Basada en la novela de Jenny Han, conocemos a Lara Jean Covey (Lana Condor), una joven que no se atreve a trasladar las aventuras que lee en sus libros a la vida real, y se dedica a escribir cartas a sus amores que nunca envía. Vive, literalmente, dentro de su cabeza y su desordenada habitación. Sin embargo, su hermana pequeña está decidida a que eso cambie, y lanza esas cartas prohibidas al correo para obligarla a afrontar de una vez sus sentimientos. Esto afectará, sobre todo, a dos chicos: el reciente ex de su hermana, Josh (Israel Broussard), de quien cree estar enamorada, y un antiguo crush, Peter (Noah Centineo), que la ayudará a evitarle a través de un clásico del género: fingir una relación amorosa -él, para poner celosa a una chica; ella, para convencer a Josh que no está colada por él- y acabar enamorándose perdidamente el uno del otro. Lo predecible no le quita encanto.
Ahora bien, en Jenny hay mucho más que una típica romanticona que debe abrirse al mundo. Habitualmente, en las películas adolescentes clásicas, esto requeriría de un cambio de imagen -el complejo de Betty la fea- para que el mundo la acepte. O esconder quién es, sus gustos extraños y su afición por las novelas románticas. Pero Jenny no tiene que cambiar nada de eso: es un reflejo de la “heroína” de Dieciséis velas, a la que se cita en diversas ocasiones. No se aleja de aquella Molly Ringwald demasiado vergonzosa para mirar a la cara al chico que le gusta. Pero aquí, además, esta cita nada aleatoria viene a reivindicar sin mucha pompa y circunstancia otra situación: la representación de los asiáticos en el cine estadounidense. Si recordamos, en aquella película de 1984, conocíamos a Long Duk Dong (Gedde Watanabe), un estudiante de intercambio chino que aunaba todos los estereotipos que pueden imaginarse.
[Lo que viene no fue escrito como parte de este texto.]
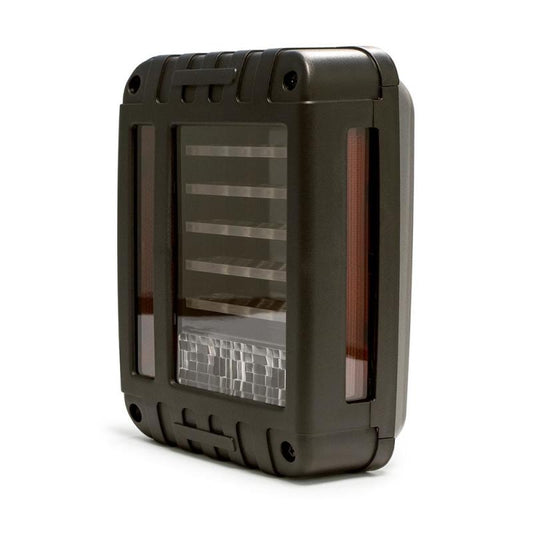DV8 Offroad Jeep Wrangler JK octagon LED tail light showing red and clear lens with mounting brackets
Al verlo en la pantalla del salón de la casa familiar, y compararlo con cómo Lara Condor protagoniza este filme (¿el primer romance teen norteamericano liderado por asiáticas-americanas?) nos damos cuenta de que algo ha avanzado.
La otra imagen externa que vemos en la película es de Las chicas de oro, con la que las hermanas se están haciendo un buen maratón de fin de semana mientras la pequeña lleva una camiseta donde se lee Girl Power. Sí, es un feminismo de postal, que en la trama no se oferta como el pescado del mercadillo: es algo ya orgánico en su mecanismo. El personaje de Christine (Madeleine Arthur), por ejemplo, no necesita de ninguna validación ni consigna del movimiento, porque ya es profundamente feminista simplemente por ser ella misma. En la protagonista, en cambio, hay más viaje, más cambios internos, pero nunca externos. Es una película en la que una adolescente evoluciona y toma decisiones para ser más feliz. Se conoce a sí misma, y su miedo a la pérdida a raíz de la muerte prematura de su madre, y avanza en consecuencia. Esos cambios respecto a otras rom-com adolescentes son sutiles, pero importantes. Y, al final, A todos los chicos de los que me enamoré tiene aquello que caracteriza a las mejores y más puras muestras del género: un luminoso halo de esperanza y alegría. El romanticismo feliz no ha muerto.